*Task to carry out*: Take the lines below from the one with "Innovations in the" through the one with "REMEDY FOR UVEITIS(Kobo/電子書)" and retype them exactly. Include nothing else, and no pictures.

*Records*:
Start of Block
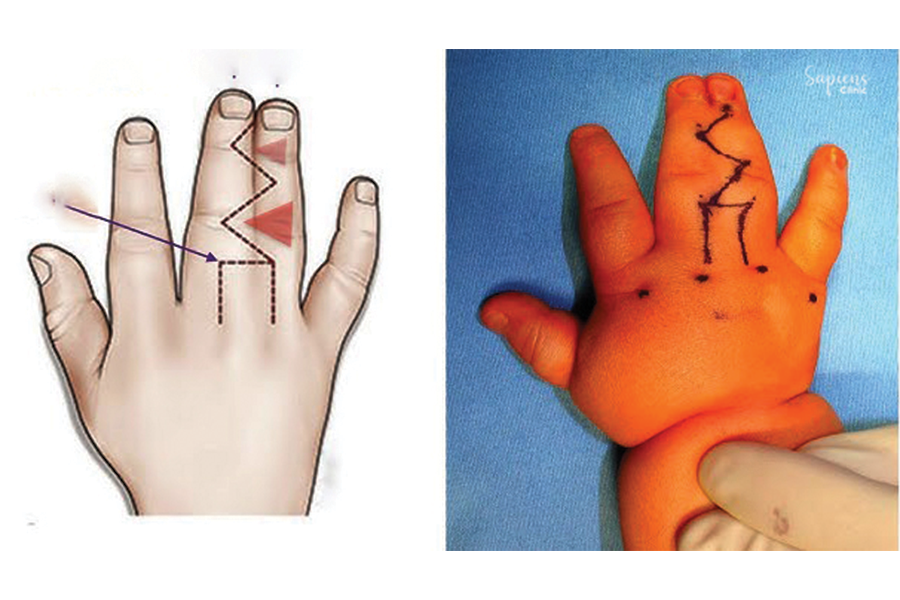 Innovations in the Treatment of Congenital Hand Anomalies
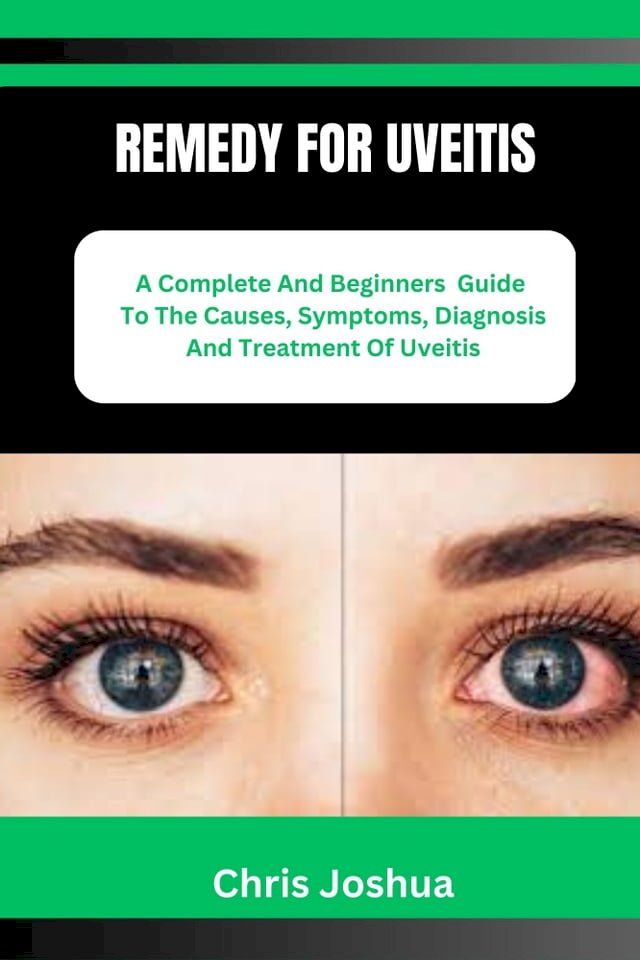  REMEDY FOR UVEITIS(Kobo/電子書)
End of Block
Start of Block
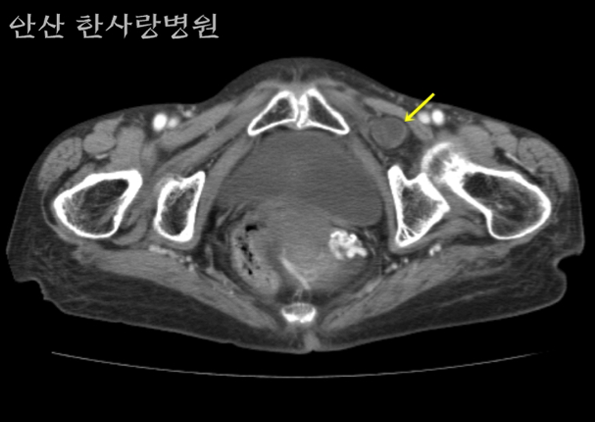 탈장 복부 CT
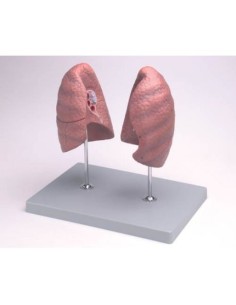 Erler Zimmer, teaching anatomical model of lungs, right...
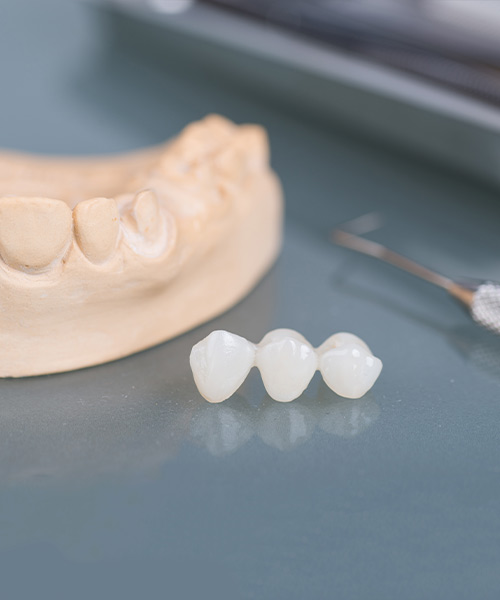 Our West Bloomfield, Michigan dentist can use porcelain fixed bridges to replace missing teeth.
End of Block
*Response to this task*:
 Innovations in the Treatment of Congenital Hand Anomalies
  REMEDY FOR UVEITIS(Kobo/電子書)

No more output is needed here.